L’Agence des services frontaliers du Canada a été blâmée pour un service en français déficient à l'Aéroport d'Ottawa

Un blâme pour l'Agence des services frontaliers

Le Commissariat aux langues officielles conclut que l’Agence des services frontaliers du Canada (ASFC) a failli à ses obligations lors d’un incident survenu à l’hiver 2017 à l’aéroport d’Ottawa et à la suite duquel le président d’Impératif français, Jean-Paul Perreault, avait déposé une plainte.

Le soir du 23 janvier 2017, à son retour de New York par le vol 8665 d’Air Canada, M. Perreault affirme avoir été accueilli dans la capitale fédérale par un agent unilingue anglophone qui lui a demandé de s’adresser à lui en anglais. Même si le plaignant insistait pour continuer à s’exprimer dans la langue de Molière, le douanier aurait à quelques reprises insisté pour que la conversation se poursuive dans la langue de Shakespeare.

Devant l’incompréhension de l’agent lorsqu’il lui a indiqué quelle était la marchandise achetée au sud de la frontière, le Gatinois a suggéré à ce dernier de demander l’assistance de son collègue du guichet voisin, mais on lui a répondu que ce dernier ne parlait pas non plus en français. M. Perreault a alors eu recours à son téléphone intelligent pour traduire sa réponse.

Plus de 14 mois plus tard, le Commissariat affirme dans un rapport préliminaire d’enquête « puisqu’il n’y pas eu d’offre active et que le service en français n’a pas été fourni alors que c’était la langue officielle choisie par le plaignant, l’ASFC n’a pas respecté ses obligations et la plainte s’avère fondée selon la partie IV de la Loi. »

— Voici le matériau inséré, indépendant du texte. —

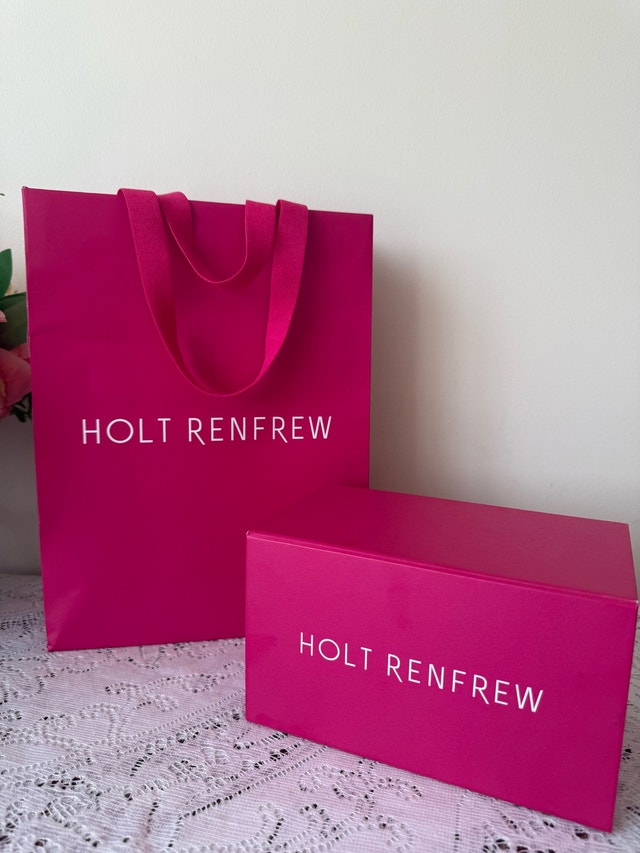 Holt Renfrew Bag and Box (Excellent condition) - photo 3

Malgré tout, le Commissariat a décidé de n’émettre aucune recommandation à la suite de cet incident. Il soutient « qu’en raison du nombre de plaintes déposées contre l’ASFC et de la nature répétitive des incidents soulevés dans ce rapport, il a été déterminé que le suivi actuel de la vérification menée auprès de l’institution fédérale en 2015 serait la façon la plus efficace de voir comment elle a cherché à remédier à ces problèmes persistants. »

Dans le document signé par la commissaire adjointe Ghislaine Saikaley, on souligne que « même si le bilinguisme institutionnel n’exige pas que chaque employé de chaque institution fédérale soit bilingue, il faut que ces institutions disposent d’une capacité bilingue suffisante pour que les membres du public puissent obtenir un service de qualité égale dans la langue officielle qu’ils préfèrent. »

On précise aussi qu’étant donné que les agents des services frontaliers sont en position d’autorité, il peut y avoir une réticence des voyageurs d’insister pour être servis dans leur langue officielle préférée lorsqu’ils se retrouvent dans une telle situation dans un aéroport.

« Le client n'a pas à le réclamer »
Invité à réagir au rapport d’enquête, Jean-Paul Perreault n’a pu s’empêcher de déplorer le manque de mordant du Commissariat aux langues officielles.

« C’est un rapport qui cherche à influencer, mais sans aucun pouvoir. La façon que les plaintes sont traitées, ça correspond à une forme d’encouragement. Oui, on reconnaît le problème, mais on contribue à le nourrir, car il n’y a pas de sanctions, de mesures disciplinaires. Dans ce cas-ci, c’est assez évident que l’employé savait ce qu’il faisait et qu’il voulait ridiculiser le citoyen devant lui. D’aucune façon il n’a essayé d’offrir un service en français. Ça doit être offert en tout temps, le client n’a pas à le réclamer », affirme-t-il, déplorant que les francophones soient souvent considérés comme des citoyens de seconde classe.

Le plaignant indique que tous les agents de l’ASFC devraient tous sans exception être bilingues d’un océan à l’autre.

« Ou le Canada a le français comme langue officielle ou il ne l’a pas. Combien de gens vivent des situations semblables ? Je leur demande de les dénoncer sur les médias sociaux ou en portant plainte. Cette attitude arrogante, si elle existe, c’est parce que le gouvernement fédéral l’encourage. Il est le grand responsable de ce climat dans lequel les francophones ne réclament pas le respect de leurs droits », a-t-il lancé.